Market Plus: Sep 10, 2010: Alan Brugler, market analyst Pearson: This is the Friday, September 10, 2010 version of Market Plus. Thanks for joining us here at our Market to Market Web site. I'm Mark Pearson. Hope you'll be joining us at Husker Harvest Days out in Grand Island, Nebraska this Wednesday, 1:00 we'll be taping a special rural economic summit. This is the third one of our series and we're looking forward to you being a part of it and we're going to have a great time out in Grand Island. Alan Brugler is with us this week. Alan, I'll tell you what, as interesting as all the other numbers were in the USDA's reports, you mentioned the record number of 44.7 bushel average on soybeans, it could be a new record this year and, of course, the situation with the former Soviet Union regarding wheat. The big thing everybody was looking at was this corn number. Again, you can get in big trouble in our trade by talking about anecdotal information but a lot of the anecdotal information has been coming in early harvest on the 2010 corn harvest, it's been subpar. You pointed out hey, things are going to start looking better as the harvest moves to the northern part of the Corn Belt where we do see much better looking corn, also out in irrigated portions of Nebraska where we'll be out on Wednesday definitely look better and we haven't been using quite as much water out there as we normally would because we've had good rains. But this corn, 2.5 bushel average reduction, that is a big reduction for USDA month over month.

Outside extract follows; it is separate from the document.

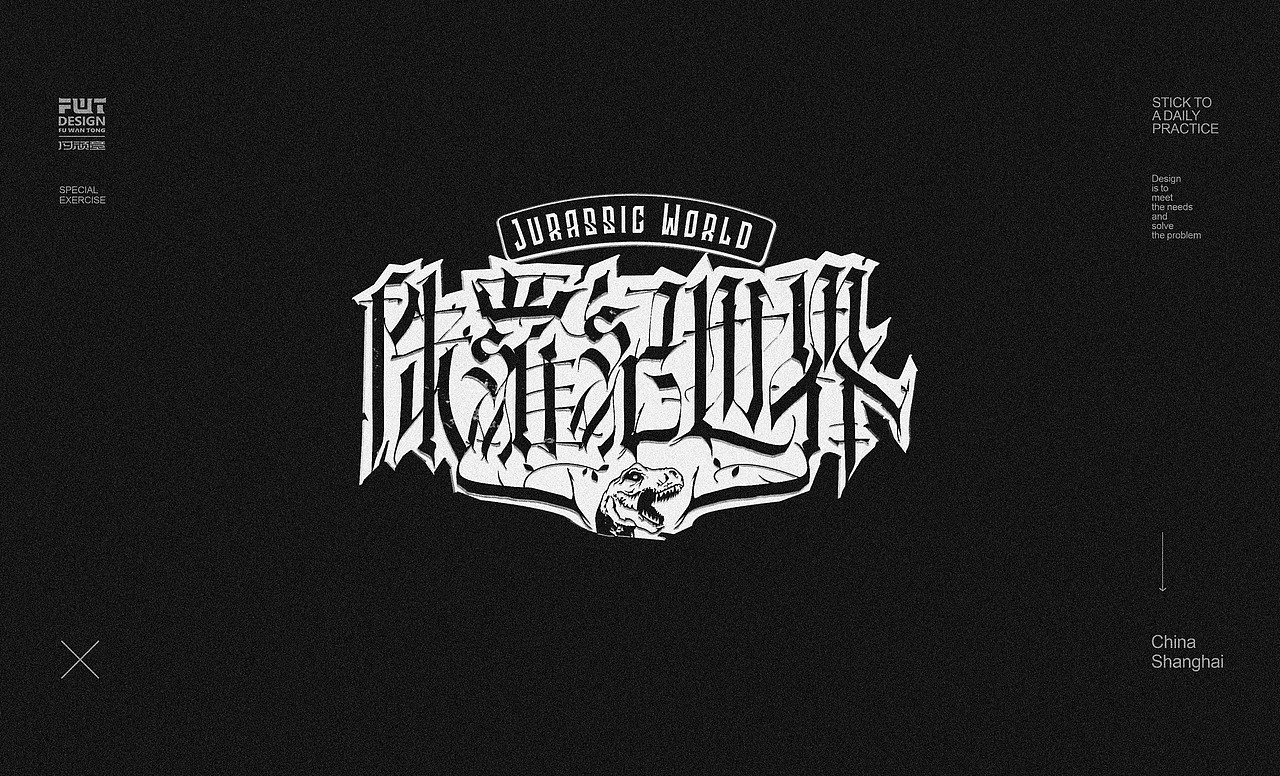 哥特字集10（图ZMjY4MDM2MzQ4） - 字体/字形 - 站酷设计师付顽童原创素材 - 站酷ZCOOL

Brugler: It's a big reduction and we did a little research here this week for our clients that basically shows that when they make that kind of a reduction in September typically there's a little snap back in October. Out of the last 15 years we had 8 years where there was a reduction in the September estimate and in 6 of those years they had a higher number in October. So, they picked up, regained some of that production. So, we think the main reason for that steep of a reduction is that they've got so much actual samples, that the maturity is so far along on the crop that instead of using five year averages for some of these states, for ear weights they can actually use ear weights. And the states they are using ear weights in are the ones that have had the worst summer weather, the highest temperatures and the light test weight or wet early and so they were forced to drop the yields pretty heavily in those states. But, again, the possibility exists, nobody knows for sure, test weights could be bad in other places, but we do know that the best crop ratings and the best moisture were further north. And, of course, if you get up in Minnesota, Wisconsin, the Dakotas you didn't have the peak temperatures. You had above normal temps but they were still in a range corn likes unlike say southern Missouri or Kansas or Oklahoma.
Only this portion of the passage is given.